Tim Squirrell – Why do I even have to say this?
TIM SQUIRRELL is in a really bad mood because of men who act like misogynistic shitstains.
Thinking that I ought to get ahead of the game because my exams start next week, I wrote my column on Thursday.
It was going to be about masculinity, needing to talk about the problems which men actually do face, and the way that ‘Men’s Rights Activists’ have poisoned the well for any discussion of things like high suicide rates, body image problems and sexual expectations by causing it to be associated with a pathological hatred of women.
Unfortunately, now I have to start over, because some misogynist shitstain decided that he was fed up of being rejected by women, posted a load of videos to YouTube about how he was a virgin and it was Everyone Else’s Fault, and then gunned down over a dozen people.
The response to this has been sadly predictable: people jumping to declare him ‘mentally unstable’ and the massacre an isolated incident, rather than a symptom of a culture which teaches men that they are entitled to women’s bodies, to sex, and that they should always Get The Girl.
Last year, there was a surge of anti-Muslim sentiment after the Woolwich murder, an ideologically motivated act of fanaticism. When people declare their hatred of a particular group and then proceed to murder members of that group, we generally accept that, even if those individuals are themselves particularly unstable, there may be a problem with the way they have been socialised and the values they have imbibed. We call upon ‘the community’ to look to their own, to attempt to drive out radicalising forces and ensure that they are not inadvertently or purposefully driving any of their number to acts of murder.
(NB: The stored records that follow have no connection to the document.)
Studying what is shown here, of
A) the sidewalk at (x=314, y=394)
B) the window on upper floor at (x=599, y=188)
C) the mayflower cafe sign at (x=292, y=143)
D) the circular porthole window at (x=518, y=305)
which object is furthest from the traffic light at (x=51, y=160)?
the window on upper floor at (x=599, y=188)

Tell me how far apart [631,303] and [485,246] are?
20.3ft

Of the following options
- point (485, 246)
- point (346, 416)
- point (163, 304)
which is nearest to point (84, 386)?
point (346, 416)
Why is it, then, that when a man declares his hatred for women, and then goes on to kill his partner or his ex-partner or strangers in the street, we say that he was ‘unhinged’? We ought to at least look at the way he’s been socialised, the values which we have instilled in him.
The fact is that this is not an isolated incident. Every day, women are abused, raped, killed by men that they know for the same reason: we teach men that they have the right to claim some form of ownership over women’s bodies.
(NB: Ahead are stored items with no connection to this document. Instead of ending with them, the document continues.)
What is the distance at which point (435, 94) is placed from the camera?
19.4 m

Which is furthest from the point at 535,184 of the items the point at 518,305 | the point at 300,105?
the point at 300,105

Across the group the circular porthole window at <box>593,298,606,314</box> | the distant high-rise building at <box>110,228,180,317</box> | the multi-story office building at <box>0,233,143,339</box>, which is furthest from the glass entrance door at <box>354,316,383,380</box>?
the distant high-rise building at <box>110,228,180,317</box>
Every romcom where the bumbling, inadequate hero manages to end up with someone objectively better than him, every book in which a woman is portrayed as incomplete without a Man In Her Life, every time we try to treat women as a game where you just have to press the right buttons in the right order and you’ll Win The Prize, we dehumanise and objectify women and teach boys and men that they have some claim, however small, over another person.
We, as men, need to have a very serious discussion about this. We need to stop treating women as ‘other’ and start treating them as human fucking beings, who have as much sovereignty over their bodies as we do. It’s ridiculous that I even have to say this.
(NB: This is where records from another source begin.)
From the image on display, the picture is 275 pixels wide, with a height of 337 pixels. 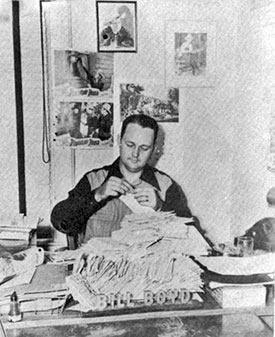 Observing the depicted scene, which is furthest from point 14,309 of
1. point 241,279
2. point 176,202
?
point 241,279

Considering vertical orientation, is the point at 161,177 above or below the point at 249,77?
below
There is no formula which you can follow which will make women like you. If you are nice enough for long enough, it does not entitle you to sex, nor does it entitle you to be angry if they do not want to have sex with you. Women are not machines where you put kindness in and sex comes out.
Putting women on a pedestal is not showing that you respect them, because the basis of respect is treating people as humans rather than objects, and in trying to objectify them, their qualities or the qualities which you want them to have, you do the very opposite of treating them as people.
I fucking hate having to write this. I don’t like moralising, because I don’t think I have any special access to wisdom which I have to dispense in article form. This is all very, very basic. The problem is that there are clearly men, many men, who still don’t get it and may not get it until it’s verbally beaten into them.
It may well be that this is a doomed task, because the people nodding along will be the ones who already agree with me, and the people rushing to the comments to say that I’m ‘only a feminist to get sex’, or that I ‘just don’t get that women and men are fundamentally different’ are the ones who are more likely to believe all of the things I’ve described above, consciously or unconsciously.
They’ll even argue with that, saying that it’s offensive that I could possibly think that they would disrespect women, or that neither they nor anybody they know would ever do Bad Things. Guess what? Somebody has to do the bad things, and if it’s not you then it’s incredibly likely to be someone you know. If you know a girl who has been sexually assaulted, and you do, then it’s probable you also know a man who has sexually assaulted someone. These things do not happen elsewhere; they happen here, in Cambridge, at home, on nights out, in your college.
We have a duty, as men, to teach boys, younger men, even older men, the very basic fact that women are also people and you should probably treat them that way. This isn’t something we just get to leave to women to do, partly because the men who really need telling are the ones who won’t listen to women (however fucked up that is), who will call them ‘shrill’, ‘strident’ ‘Feminazis’.
This is something we all have to do, because this kind of shit happens literally every day, and it’s not okay.